_Task to carry out_. Every picture should be left out, but the lines below must be repeated exactly.

Pictures with short captions:
#####

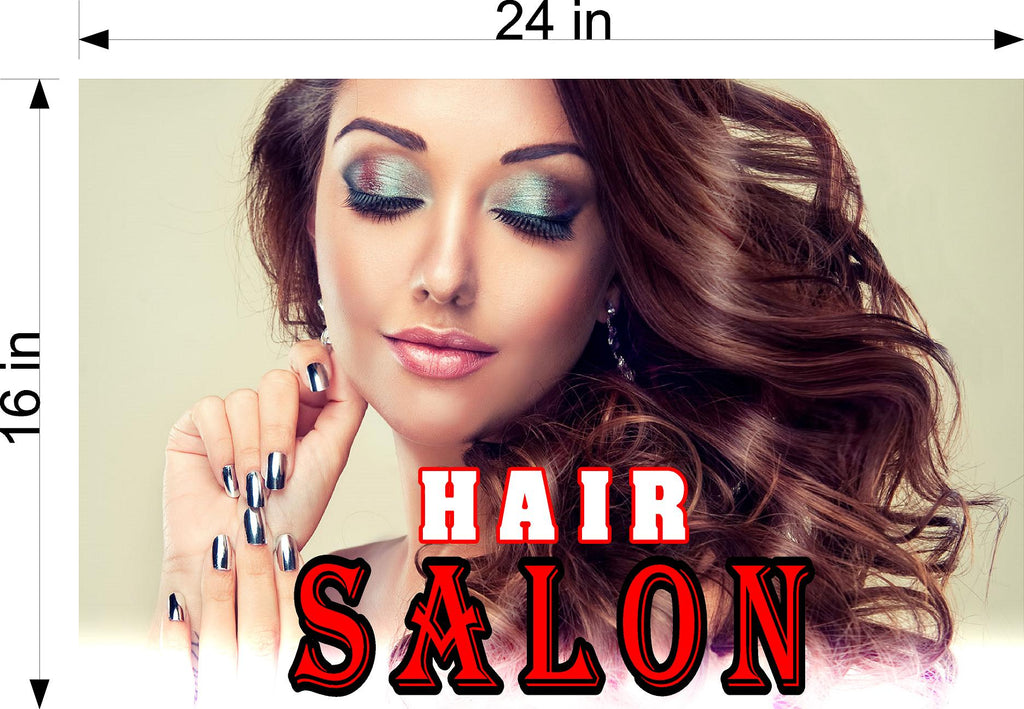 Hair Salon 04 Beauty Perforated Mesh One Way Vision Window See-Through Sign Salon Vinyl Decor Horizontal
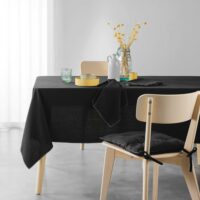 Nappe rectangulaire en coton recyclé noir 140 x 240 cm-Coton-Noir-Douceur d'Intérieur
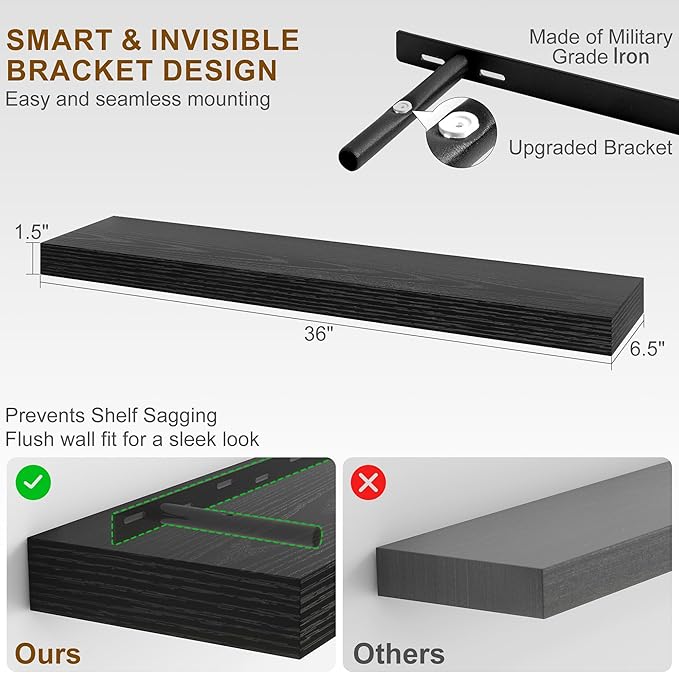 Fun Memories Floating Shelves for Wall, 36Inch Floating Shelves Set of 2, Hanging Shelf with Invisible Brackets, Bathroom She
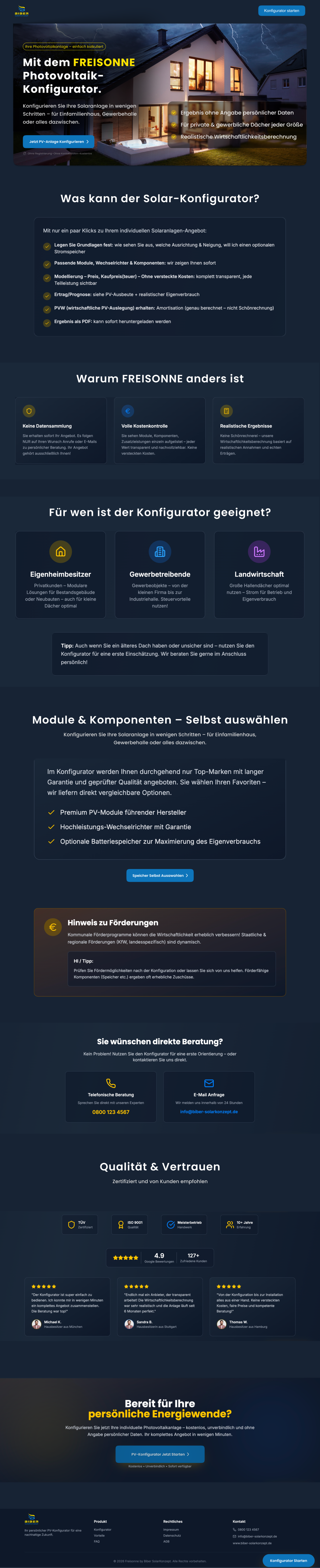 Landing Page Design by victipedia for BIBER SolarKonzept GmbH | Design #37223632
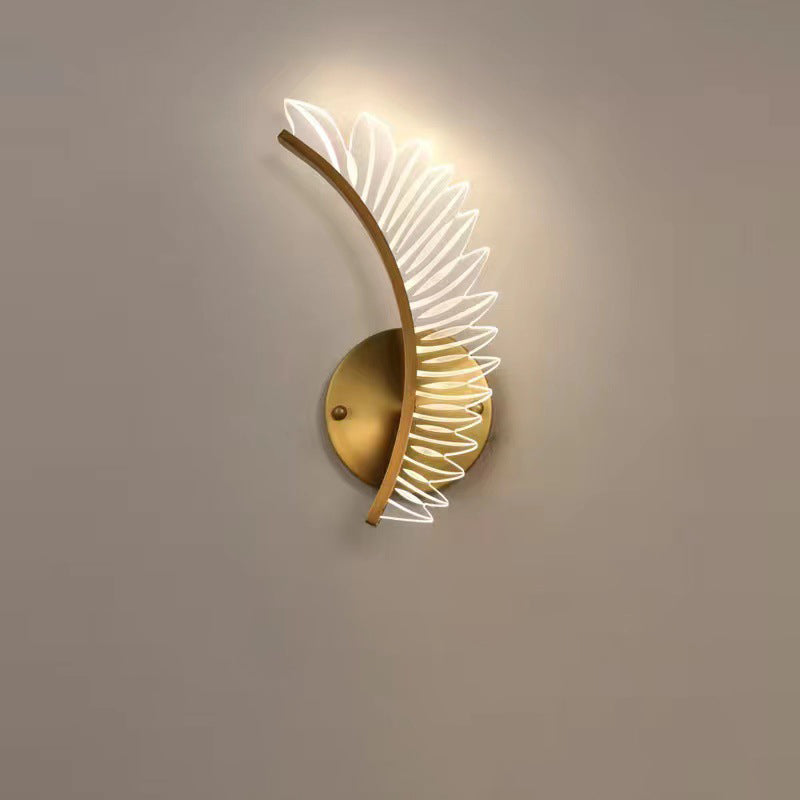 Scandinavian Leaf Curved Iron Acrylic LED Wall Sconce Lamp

#####

_Answer to the problem_.
 Hair Salon 04 Beauty Perforated Mesh One Way Vision Window See-Through Sign Salon Vinyl Decor Horizontal
 Nappe rectangulaire en coton recyclé noir 140 x 240 cm-Coton-Noir-Douceur d'Intérieur
 Fun Memories Floating Shelves for Wall, 36Inch Floating Shelves Set of 2, Hanging Shelf with Invisible Brackets, Bathroom She
 Landing Page Design by victipedia for BIBER SolarKonzept GmbH | Design #37223632
 Scandinavian Leaf Curved Iron Acrylic LED Wall Sconce Lamp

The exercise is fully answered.